Wednesday, March 02, 2016

Metaphors. Letter #75

            There are good things and bad things about metaphor. I try to distinguish between metaphors that collapse two things into one and metaphors that highlight the connection between two things while simultaneously highlighting their differences. The second kind, in Charles Altieri’s lingo, expands the available universe. A bigger universe, abundant and interconnected, an ecosystem brought to you by literary devices. A collapsed universe metaphor might be something like A Dog is a Bear. We did name our dog “Bear” and he does look like a tiny bear cub. Black and fluffy and squishy. But he also looks like a pig and a hedgehog and swims like a fish on the snow. To say he is a bear is to ignore his other animal-partners. He’s rolling on the ground right now with the dog we named Zora because Zorro in Spanish means fox and this one looks like a girl fox but she also looks like a coyote and a wolf. She acts like a mama to Bear the Dog. She acts like a sister. Like a brother. To describe either of them well, you have to keep turning the circle of metaphors. Bear is a big baby but he’s also a ferocious forest beast. It’s for our own safety that I make these metaphors multiple.

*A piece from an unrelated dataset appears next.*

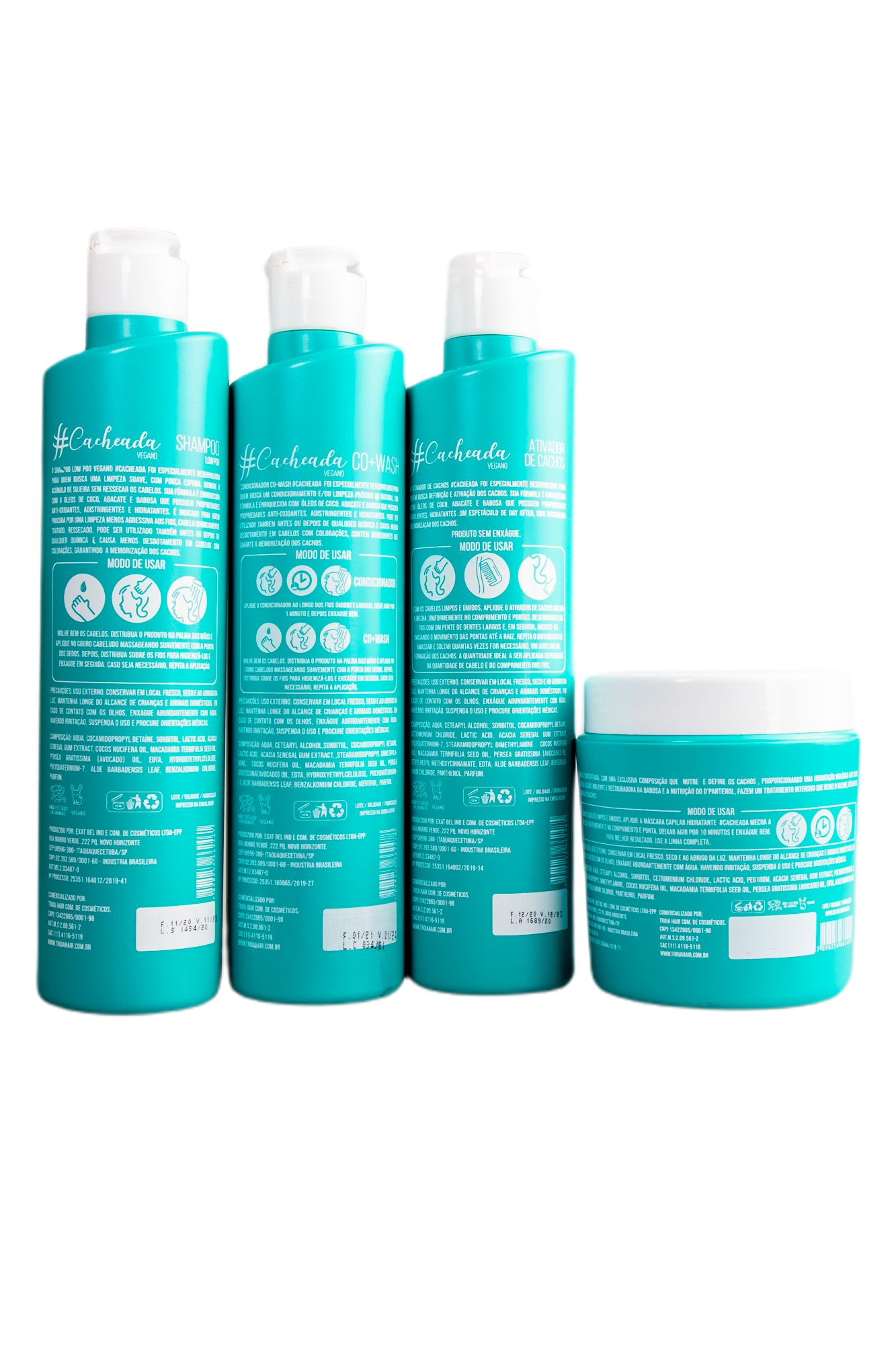 Troia Hair Home Care Cacheada Maintenance Home Care Curly Hair Vegan Moisturizing 4x500 - Troia Hair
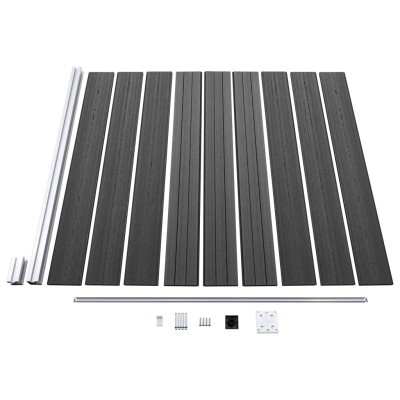 JSet de paneles de valla WPC negro 965x(105-186) cm JSet de paneles de valla WPC negro 965x(105-186) cm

            I use a lot of metaphors to try to describe the effects of the budget cuts on Higher Ed. I think I’ve used the word “eviscerate” before, which, now that I watched the latest Walking Dead, has a whole new meaning for me as one of the zombies was walking around with his intestines hanging out like spaghetti pouring from his stomach. But it’s a semi-apt metaphor. We at the university are still walking around, at least some of us who haven’t been let go, but kind of in a daze. We’re hungry too. A little desperate, although I don’t think of spaghetti as appetizingly as I did before.
            Perhaps “cut off at the knees” is a good metaphor. Again, we are still mobile but people (other universities) run past us, taunting our scabby, stubby knees with their research grants and fully funded graduate students. It’s a little slower to get things done, but you’re right, what does not kill us makes us stronger. Or at least covered in scar tissue.
            I’ve also tried to describe to you the idea of collectivity—that the more educated every single student is, the more educated Arizona as a whole could be. We lift each other up by devoting time, energy and money to every single child in the public school system and, if we can, in the Higher Ed system. I think of it like a web of interconnectedness. Even if there is selfishness to it: I am better off if every single person has an opportunity to have a better education and a better job and a more secure economic situation. I imagine this web, not really like a spider’s, more like the mycelia on the forest floor, connecting tree root to mushroom—cloth-strong and pervasive. I imagine lifting it up, out of the forest, onto the quad where everyone can step on it and recite from Whitman’s Leaves of Grass, “I contain multitudes” and each of us is elevated above their concrete-bound situation and is able to aspire to new heights. Inspiration, aspiration. These dreams of education. Lofty dreams indeed but like any metaphor, you can poke holes in this analogy. You could argue that higher isn’t better or that not everyone wants to abandon the concrete. You could argue that the top is only for some. Only they at the top get to decide who rises and who stays put. We are committed to a system of hierarchies. How would we understand a world where even they who walk on their knees, who walk zombie-like, who come from families with no mycelia at all, who come from other countries where all the trees have already been obliterated, where no mushrooms grow at all, are all walking at the same speed that they who born running through the forest already run?
            Oh. That is what I thought they called the United States of America. That forest of equal opportunity. That mycelia that makes a blanket upon which each of us can stand and rise up together.
            That’s what I love about metaphors. Metaphors are multiple. If you keep them spinning, you end up with a pretty good picture of a dog, or a country.